* SUPPLIED MATERIAL *
BEGIN

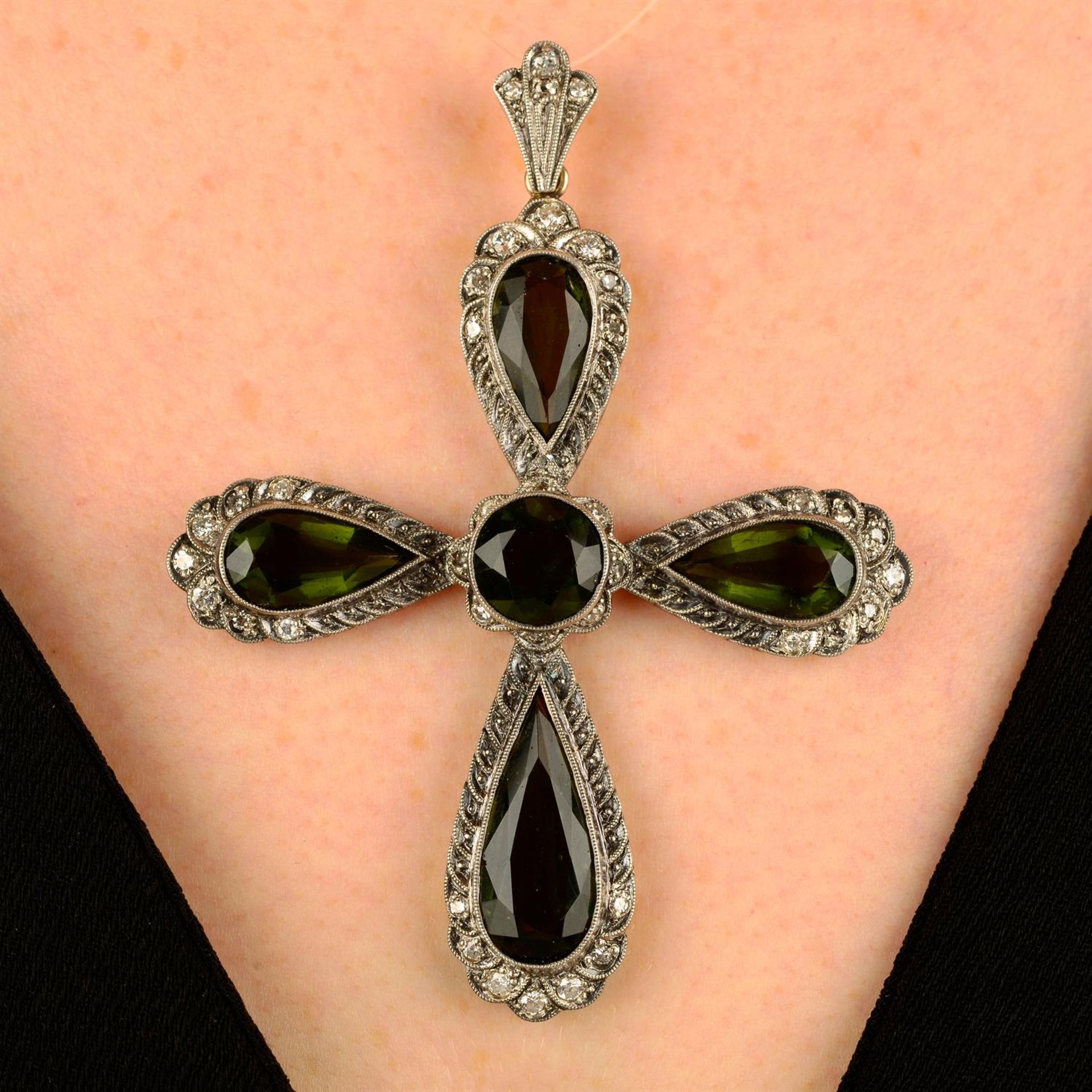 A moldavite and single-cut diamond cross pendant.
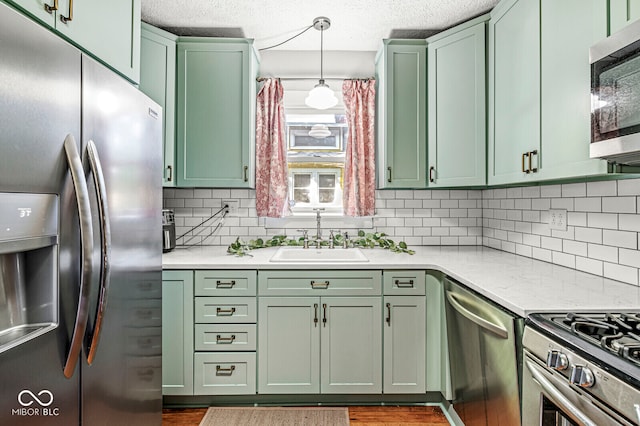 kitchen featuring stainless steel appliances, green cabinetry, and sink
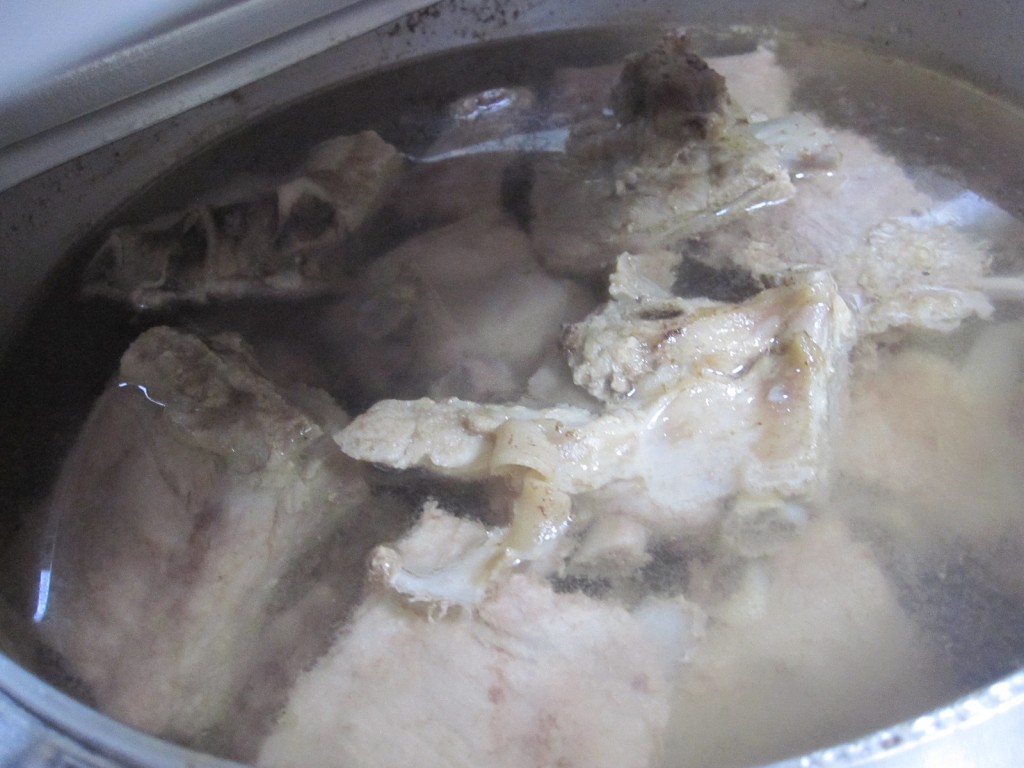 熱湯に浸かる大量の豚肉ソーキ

END

* WHAT THE TASK ASKS *
All of the lines above must be repeated without alteration, though the pictures are to be excluded.

* ANSWER *
 A moldavite and single-cut diamond cross pendant.
 kitchen featuring stainless steel appliances, green cabinetry, and sink
 熱湯に浸かる大量の豚肉ソーキ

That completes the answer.